O Diretório Municipal do Partido dos Trabalhadores de Maringá aprovou, em reunião realizada no dia 4 de fevereiro, Moção de apoio à Universidade Estadual de Maringá (UEM) na luta pela Autonomia Universitária, conforme determina a Constituição Federal/1988 e o disposto no artigo 180 da Constituição do Estado do Paraná: “As universidades gozam de autonomia didático-científica, administrativa e de gestão financeira e patrimonial e obedecerão ao princípio da indissociabilidade entre ensino, pesquisa, extensão e ao da integração entre os níveis de ensino”.

As universidades públicas do Paraná vêm enfrentando ataques permanentes do governo Beto Richa (PSDB), com o objetivo evidente de privatizar o patrimônio científico e tecnológico do nosso estado.

A UEM é uma das melhores universidades do Brasil, segundo diferentes rankings e avaliações de agências de fomento, graças ao empenho e à dedicação de seus professores (as), funcionários (as) e alunos (as). Na sua trajetória de 49 anos de existência bem sucedida, enfrentou a ingerência e desmandos de diferentes governadores e suportou crises profundas, mas a ofensiva desfechada pelo governador Beto Richa contra a UEM, em especial nesta última semana, foi cruel e vergonhosa. Nunca a instituição sofreu um ataque tão desproporcional e desnecessário como este.

O governo do Estado atrasou, de forma ilegal e dolosa, os salários dos servidores e a transferência de recursos com o intuito de coagir o Reitor a assinar um Ofício através do qual Universidade Estadual de Maringá assumiria, expressamente, a obrigação de integrar o Sistema RH Meta 4. A UEM resistiu e está a sofrer as consequências.
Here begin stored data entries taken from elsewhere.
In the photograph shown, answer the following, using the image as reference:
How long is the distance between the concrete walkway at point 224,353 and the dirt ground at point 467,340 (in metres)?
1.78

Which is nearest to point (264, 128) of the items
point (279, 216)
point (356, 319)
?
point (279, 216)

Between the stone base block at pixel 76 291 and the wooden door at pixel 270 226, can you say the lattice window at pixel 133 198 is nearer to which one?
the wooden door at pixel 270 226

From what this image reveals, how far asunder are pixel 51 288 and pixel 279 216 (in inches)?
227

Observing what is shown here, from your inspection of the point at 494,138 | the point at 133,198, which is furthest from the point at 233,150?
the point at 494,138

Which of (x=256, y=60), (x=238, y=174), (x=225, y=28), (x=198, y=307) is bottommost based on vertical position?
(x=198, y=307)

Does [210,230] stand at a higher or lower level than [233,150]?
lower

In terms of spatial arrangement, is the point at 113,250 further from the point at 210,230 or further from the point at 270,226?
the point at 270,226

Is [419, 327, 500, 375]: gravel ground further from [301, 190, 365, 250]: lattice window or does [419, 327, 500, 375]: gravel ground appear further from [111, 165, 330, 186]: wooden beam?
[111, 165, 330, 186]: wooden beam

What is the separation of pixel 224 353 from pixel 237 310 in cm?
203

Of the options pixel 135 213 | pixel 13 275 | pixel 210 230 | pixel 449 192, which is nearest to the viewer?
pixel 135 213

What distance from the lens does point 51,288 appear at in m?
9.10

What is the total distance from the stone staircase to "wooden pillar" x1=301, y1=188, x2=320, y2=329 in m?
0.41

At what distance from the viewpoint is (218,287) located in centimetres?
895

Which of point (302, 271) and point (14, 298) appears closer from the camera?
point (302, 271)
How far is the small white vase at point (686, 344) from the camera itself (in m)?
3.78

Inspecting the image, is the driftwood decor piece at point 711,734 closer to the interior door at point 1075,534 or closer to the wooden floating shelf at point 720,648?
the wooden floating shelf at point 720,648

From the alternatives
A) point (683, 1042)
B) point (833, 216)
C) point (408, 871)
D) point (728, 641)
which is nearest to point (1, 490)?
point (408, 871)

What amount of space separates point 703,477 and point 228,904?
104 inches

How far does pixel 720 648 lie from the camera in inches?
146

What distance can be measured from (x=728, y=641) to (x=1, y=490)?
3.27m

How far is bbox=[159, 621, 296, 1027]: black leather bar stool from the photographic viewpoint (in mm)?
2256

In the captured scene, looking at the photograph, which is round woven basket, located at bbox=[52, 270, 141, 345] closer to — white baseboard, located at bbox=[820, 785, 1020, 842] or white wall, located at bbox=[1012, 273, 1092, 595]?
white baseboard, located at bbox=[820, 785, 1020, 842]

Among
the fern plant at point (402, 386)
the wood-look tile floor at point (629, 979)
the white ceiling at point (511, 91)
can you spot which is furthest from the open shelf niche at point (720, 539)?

Em nome de uma suposta transparência e integração das informações, o governo Beto Richa, por meio do Sistema RH Meta 4, um software produzido e controlado por empresa estrangeira, está retirando a autonomia didático-científica, administrativa e de gestão financeira das universidades e a UEM está, bravamente, lutando pela defesa do seu patrimônio. Mais que isso, o governo tem por objetivo aumentar o seu controle sobre a instituição e propiciar o seu desmantelamento de forma a favorecer grupos educacionais privados.
Além disso, uma análise acurada da matéria indica a transferência do controle e gestão dos recursos financeiros destinados à UEM de Maringá para Curitiba, de tal forma que implicará menos dinheiro em circulação em nossa região e mais em Curitiba.

Em decorrência do exposto, O Diretório Municipal do Partido dos Trabalhadores de Maringá manifesta o seu mais irrestrito apoio e solidariedade ao Reitor da UEM, Prof. Dr. Mauro Baesso, ao Conselho Universitário da Instituição e à toda a comunidade Universitária.